[[ Information shown open ]]

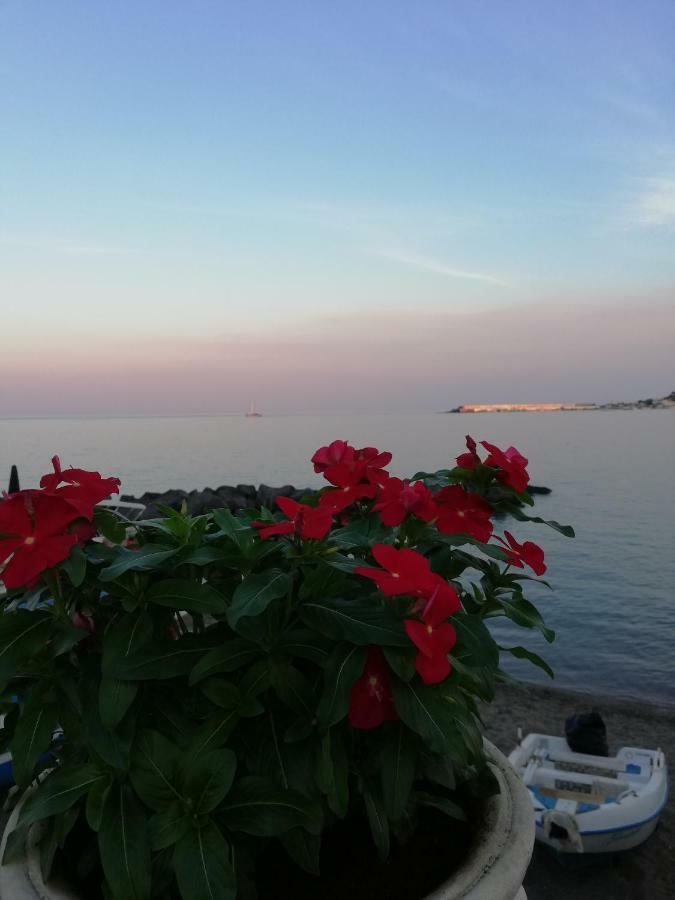 Casa Vacanze Aloha Giardini Naxos Eksteriør bilde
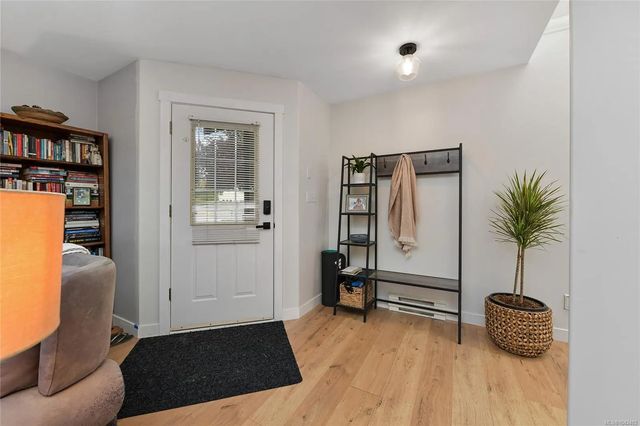 2 of 22 - 821 Lampson St, Esquimalt, BC
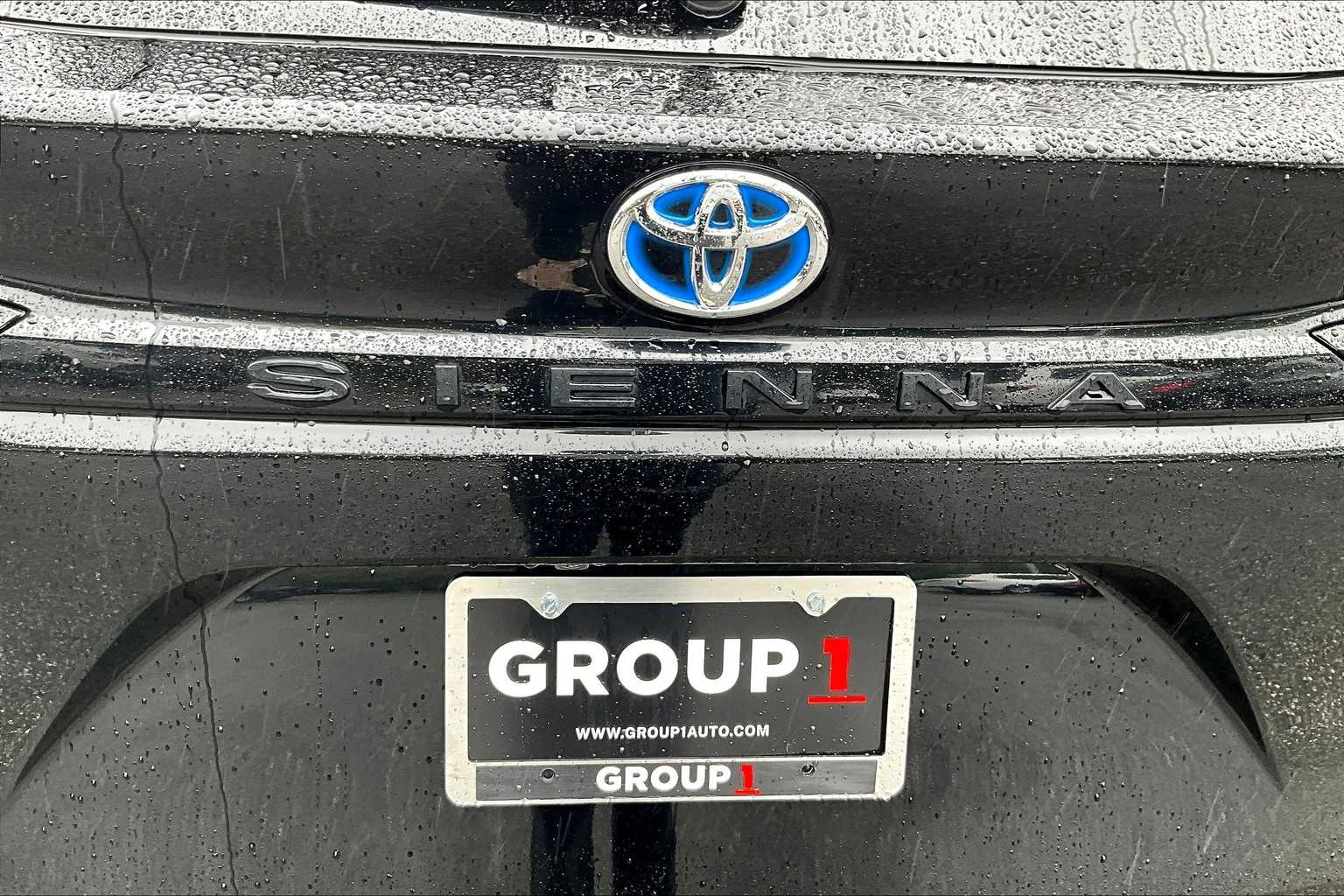2024 Toyota Sienna XLE photo 30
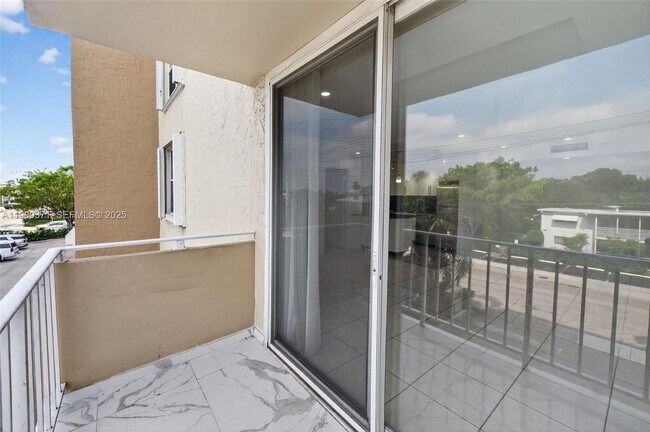 Building Photo - 1050 SE 15th St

[[ Information shown closed ]]

Task details: From the material above, output every line exactly as written, dropping any picture.

Completed exercise:
 Casa Vacanze Aloha Giardini Naxos Eksteriør bilde
 2 of 22 - 821 Lampson St, Esquimalt, BC
2024 Toyota Sienna XLE photo 30
 Building Photo - 1050 SE 15th St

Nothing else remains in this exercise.